--- EXERCISE INSTRUCTIONS ---
Only reproduce the lines from the line containing "2nd image of 395 Mayer Ct" onward, exactly, through the final line of the data below.

--- RECORDS FOR THIS TASK ---
%%
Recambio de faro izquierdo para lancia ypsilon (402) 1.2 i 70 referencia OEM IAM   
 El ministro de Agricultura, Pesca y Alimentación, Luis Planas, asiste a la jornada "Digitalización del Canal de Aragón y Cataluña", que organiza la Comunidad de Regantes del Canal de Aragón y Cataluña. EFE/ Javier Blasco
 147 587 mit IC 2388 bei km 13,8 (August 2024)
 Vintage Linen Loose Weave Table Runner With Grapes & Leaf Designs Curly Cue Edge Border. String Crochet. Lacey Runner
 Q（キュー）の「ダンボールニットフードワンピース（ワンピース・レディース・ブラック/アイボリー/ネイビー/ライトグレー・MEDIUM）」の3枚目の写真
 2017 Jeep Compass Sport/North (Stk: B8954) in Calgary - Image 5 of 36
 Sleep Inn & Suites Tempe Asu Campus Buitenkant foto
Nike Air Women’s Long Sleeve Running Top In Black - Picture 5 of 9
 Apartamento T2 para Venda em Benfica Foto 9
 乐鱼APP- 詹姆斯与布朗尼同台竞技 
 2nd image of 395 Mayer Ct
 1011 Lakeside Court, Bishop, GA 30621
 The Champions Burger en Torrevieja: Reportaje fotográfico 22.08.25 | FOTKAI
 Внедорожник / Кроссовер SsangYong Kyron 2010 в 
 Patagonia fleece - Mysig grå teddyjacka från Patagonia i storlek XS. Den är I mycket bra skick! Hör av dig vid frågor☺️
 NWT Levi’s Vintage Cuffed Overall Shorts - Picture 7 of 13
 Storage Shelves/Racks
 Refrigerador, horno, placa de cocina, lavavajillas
%%
--- EXERCISE SOLUTION ---
 2nd image of 395 Mayer Ct
 1011 Lakeside Court, Bishop, GA 30621
 The Champions Burger en Torrevieja: Reportaje fotográfico 22.08.25 | FOTKAI
 Внедорожник / Кроссовер SsangYong Kyron 2010 в 
 Patagonia fleece - Mysig grå teddyjacka från Patagonia i storlek XS. Den är I mycket bra skick! Hör av dig vid frågor☺️
 NWT Levi’s Vintage Cuffed Overall Shorts - Picture 7 of 13
 Storage Shelves/Racks
 Refrigerador, horno, placa de cocina, lavavajillas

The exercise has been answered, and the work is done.